Thursday, January 2, 2014

Chinese fried rice

So.........at long last, I'm sharing some of my Chinese recipes (this is Rube, by the way.  Ellen has no Chinese recipes.  None that I know of, at least.  Now I'm suddenly feeling like I've just made a presumption.  I'll ask her if she has any Chinese recipes to share - I feel like a jerk.).  I feel badly that so much time has passed and this is the first of my recipe postings.  I hope you can overlook my delay.  For the first recipe, I'm sharing how to make fried rice - a seemingly easy dish, but a few little tricks can elevate it its deliciousness.  Here are two secrets to success: 1.) make sure the rice is cooked and refrigerated for at least 1 day.  2 or 3 days is preferred.  2.) add white pepper powder and sesame oil at the end, just before dishing out.  Both of these ingredients' flavors degrade if cooked too long or hot.  Feel free to experiment with rice varieties; brown rice is scrumptious, jasmine rice is delectable, and of course straight up white rice is delightful.  



The Real-Deal Fried Rice (with bacon for the indulgent, non-vegetarian)

1 Tablespoon vegetable or canola or peanut oil or rice bran oil (apparently)
2 eggs - whisked
½ onion - minced
1 carrot - finely diced
3 garlic cloves - minced
3 cups rice - cooked and refrigerated for 1 or 2 days (or 3 days if you’re feeling cheeky)
½ cup frozen peas
34 strips bacon (or however much you think is appropriate) - cooked crisply and crumbled
1 Tablespoon - soy sauce
white pepper powder - just a pinch
sesame oil - just a drizzle
salt - to taste

1. Heat vegetable oil in wok or non-stick pan over med heat.  Add eggs and scramble until just done (we’re looking for some curds here).

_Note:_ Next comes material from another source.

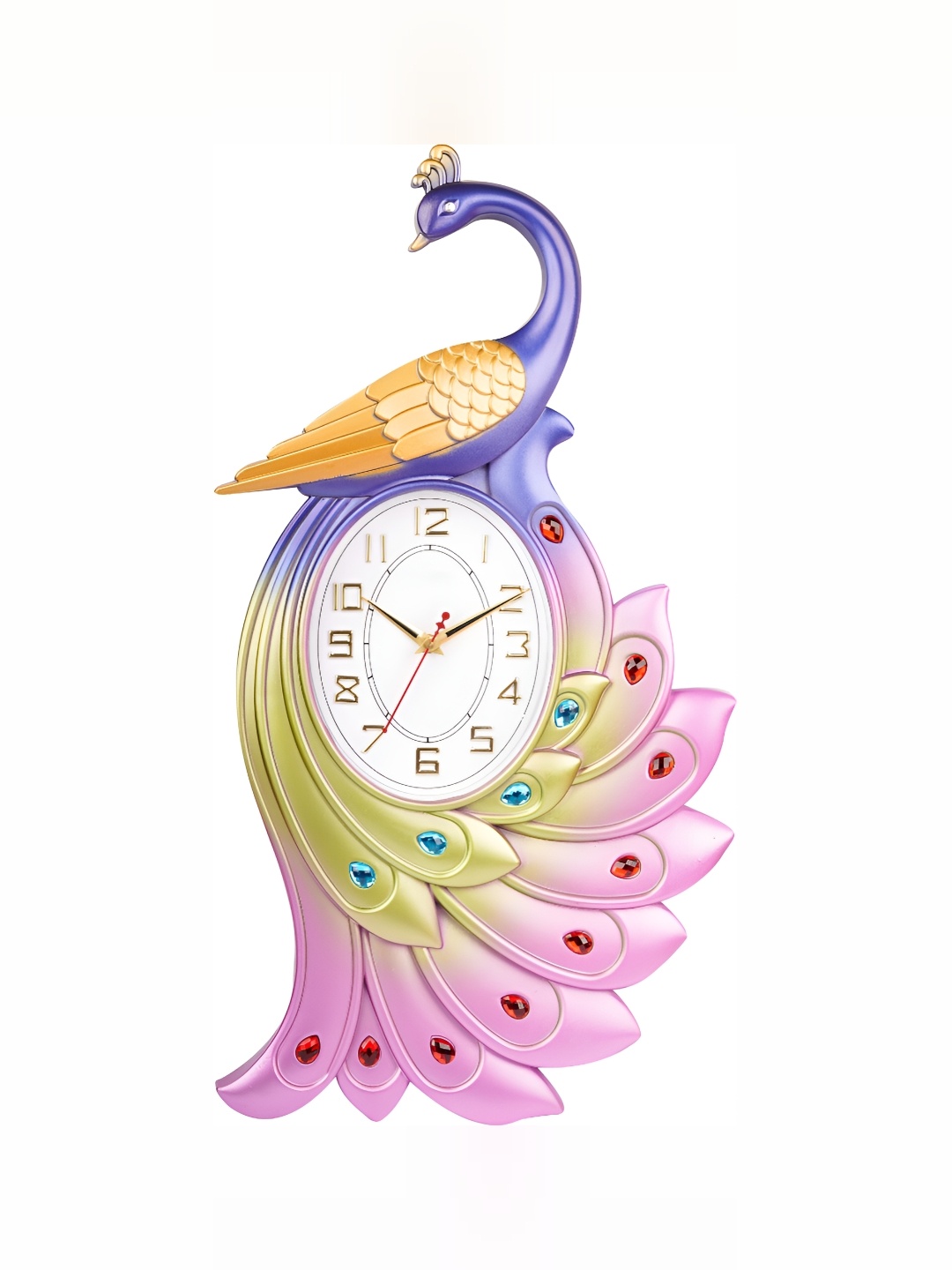 

Sigaram Pink Textured Square Contemporary Wall Clock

Remove eggs from pan and set aside.

2. Add a bit more oil to the wok and return to heat and you might as well crank up the heat a bit, let’s say high-med (or high if you’re gonna be ever-vigilant).  Add onions and carrots and toss around for a minute or two (don’t brown too much).  Add garlic and toss for a minute more.

3. Add the rice to the wok and give it a good toss around for 3 or 4 minutes until it’s nicely heated and looking scrumptious and perhaps developing a bit of crunch.  Add the peas and toss for a minute.  Add the bacon (if you’re using it) and the reserved scrambled eggs.  Toss for a minute to get everyone acquainted and then add  the soy sauce, white pepper powder, and sesame oil.  Toss for another minute and at this point, it should start smelling ridiculous.  Taste it! Add more soy sauce/sesame oil/white pepper/BACON as you see fit.    

4.  Serve.  Remember, you don’t want to overly cook your sesame oil or white pepper or it’ll start losing it’s deliciousnessssssss (extra esses are intentional).  Feel free to garnish with chopped cilantro or green onion.